Khalil, yang merupakan penduduk tetap yang sah, adalah aktivis hak-hak Palestina terkemuka pertama yang ditahan dan standing imigrasinya ditentang karena aktivisme kampus.

Pemerintahan Presiden Donald Trump mengatakan bahwa mereka menargetkan ratusan pelajar untuk dideportasi, menuduh mereka mendukung “terorisme” dan menyebarkan anti-Semitisme– tuduhan yang dibantah oleh para aktivis.

Untuk membenarkan tindakan keras tersebut secara hukum, pemerintahan Trump telah menerapkan ketentuan undang-undang imigrasi yang memberikan wewenang kepada menteri luar negeri untuk mendeportasi non-warga negara yang kehadirannya di negara tersebut mempunyai “konsekuensi kebijakan luar negeri yang merugikan” bagi AS.

Bobby Hodgson, asisten direktur hukum di American Civil Liberties Union (ACLU) cabang New York, mengatakan kepada wartawan pada konferensi digital pada hari Selasa bahwa pernyataan pemerintah mengenai kewenangan deportasi yang luas atas dasar kebijakan luar negeri adalah “salah” dan “inkonstitusional”.

“Argumen kami sebenarnya adalah bahwa, di Amerika Serikat, ide-ide tidaklah ilegal, dan pemerintah tidak dapat menggunakan undang-undang imigrasi yang tidak jelas untuk memenjarakan atau mengeluarkan orang-orang yang mengungkapkan pendapat yang tidak mereka setujui,” kata Hodgson.
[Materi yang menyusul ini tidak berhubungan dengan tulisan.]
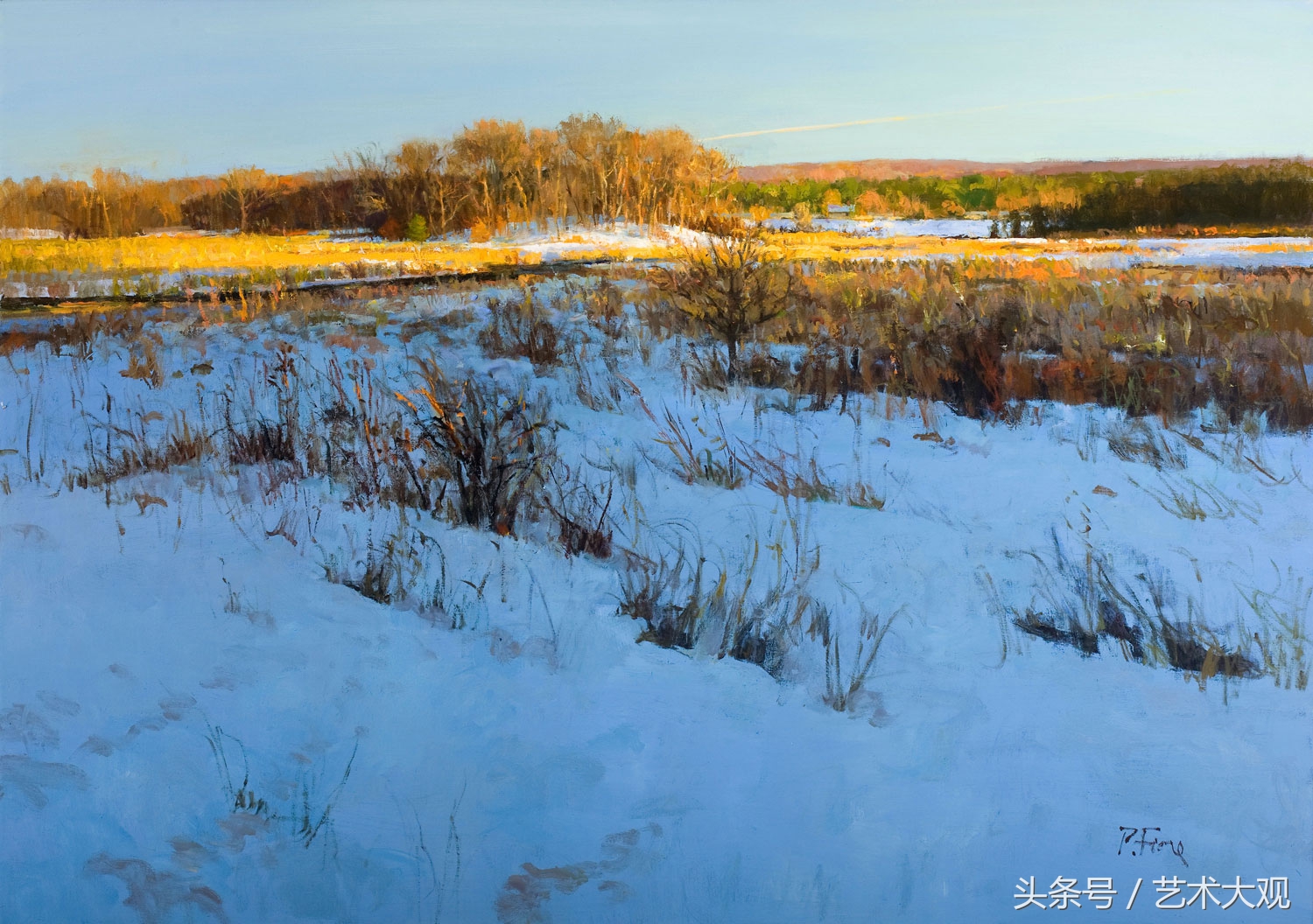 傅大力油画风景写生视频,张冬峰油画风景写生视频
Khalil ditangkap oleh otoritas imigrasi pada bulan Maret dan melewatkan kelahiran anak pertamanya saat berada di pusat penahanan di Louisiana.

Keputusan pengadilan untuk membebaskan Khalil pada bulan Juni tidak menyelesaikan kasus imigrasinya. Hal ini terkait dengan petisi hukum yang menentang penahanannya, yang dikenal dengan istilah habeas corpus.

Perkara deportasi diproses melalui proses tersendiri di sistem imigrasi.

Pemerintah AS juga menuduh Khalil menyembunyikan pekerjaannya untuk badan PBB untuk pengungsi Palestina (UNRWA) dalam permohonan visa dan Kartu Hijau untuk mendukung kasus deportasi.

Bulan lalu, seorang hakim imigrasi memihak pemerintah dalam memerintahkan pemindahan Khalil dari negara tersebut.

Hakim imigrasi bekerja di lembaga eksekutif dan tidak mewakili pengadilan independen seperti sistem peradilan konstitusional.

Kasus imigrasi Khalil kini sedang diajukan banding ke badan administratif bernama Dewan Banding Imigrasi.

Jika dewan tersebut menyetujui keputusan hakim imigrasi, keputusan tersebut kemungkinan akan diajukan banding ke pengadilan wilayah– yang merupakan bagian dari sistem peradilan typical– berdasarkan dasar konstitusi.

Dengan petisi habeas corpus dan kasus imigrasi menghadapi banding dari kedua belah pihak, kisah hukum ini sepertinya tidak akan selesai dalam waktu dekat.

Namun untuk saat ini, Khalil dan banyak orang lainnya yang mengalami situasi yang sama masih bebas berdasarkan keputusan pengadilan distrik.

Dalam kasus terpisah yang lebih luas, seorang hakim AS bulan lalu menemukan bahwa tindakan keras pemerintahan Trump terhadap aktivis solidaritas Palestina adalah tindakan yang melanggar hukum, karena tindakan tersebut bertujuan untuk membungkam kritik terhadap Israel, dan melanggar hak kebebasan berpendapat yang dilindungi konstitusi.

“Kami bukanlah, dan kami tidak boleh menjadi, sebuah negara yang memenjarakan dan mendeportasi orang karena kami takut dengan apa yang mereka katakan kepada kami,” tulis Hakim William Young dalam putusannya.